Dick Benton, a young attorney of the railroad, is on his way to the Capitol to deliver evidence involving Riggs in a conspiracy arising out of a fight with the railroad over a franchise. At Lone Point he learns that by leaving the package to be picked up by the express it will reach the Governor sooner than he can bring it on the local.
On a visit to the State Prison with Superintendent Melvin of the construction camp near Lone Point. Helen gains the friendship of Butler, a former telegrapher who had been wrongfully convicted on circumstantial evidence. Butler is soon to be released and Helen promises to aid him.
Joe, the Wop, employed in the roundhouse near Lone Point is notified that he has been promoted and will take his place that night as a fireman on the local freight. On his way home he stops at the station to tell Helen, the operator, of his good fortune. As Joe starts down the track towards home, Scarlotta, a member of a notorious vendetta that has marked Joe for death, shoots him from ambush. Helen sees Joe fall in the middle of the track and barely succeeds in dragging him to safety out of the path of the limited. Joe's wound is not serious and that night he takes his place as fireman on the freight. Determined to "get" Joe, Scarlotta visits the station where Helen is still at her key and after binding her and locking her in a closet, throws the switch so that the freight will collide with the cars on the siding.
Helen, the telegraph operator at Lone Point, receives a telegram for Sydney Wayne, superintendent of the Graham Gravel plant, advising him that the plant has changed ownership and that Stanton Grey accompanied by his daughter Edith, is on his way to Lone Point to inspect the property. Wayne is startled because he has gambled away the company's money and realizes that his books will not balance. Fortune appears to favor him when Grey is carried into the station unconscious as the result of an automobile accident. He extracts Grey's wallet from his pocket but Cole, the gambler, who has trailed Wayne gets a photograph of him in the act. With the photographic evidence, the gambler tries to blackmail Wayne.

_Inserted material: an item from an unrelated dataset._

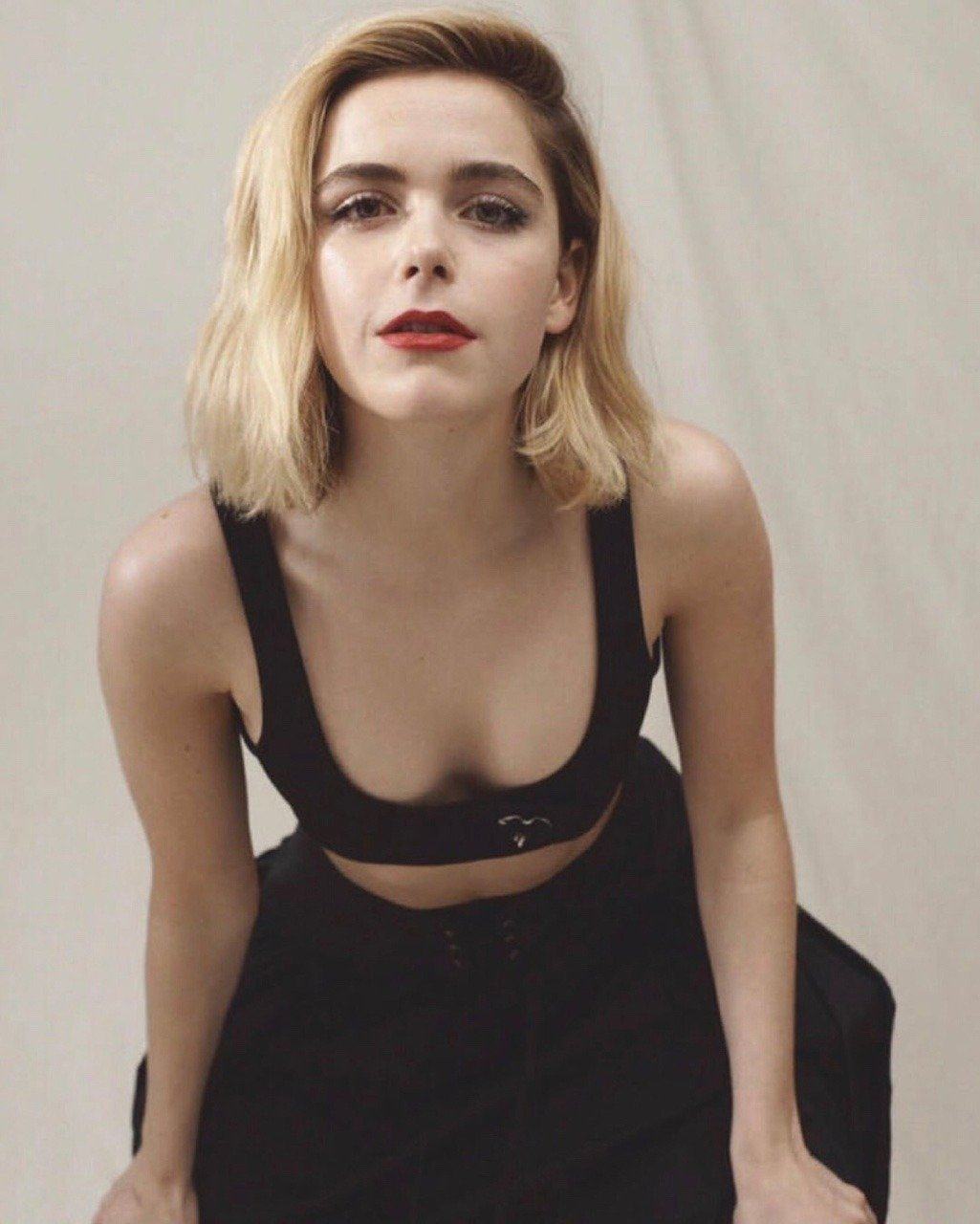 Kiernan Shipka 5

The vote stands a tie on the railroad bill that will mean ruin to the Western line should it pass the State Legislature. By getting Senator Brown, who is aboard a liner quarantined in the bay, to the Capitol the day will be saved. The road superintendent takes a daring chance and aboard a motorboat succeeds in smuggling the Senator ashore and to a Western special which speeds off towards the Capitol of the neighboring State.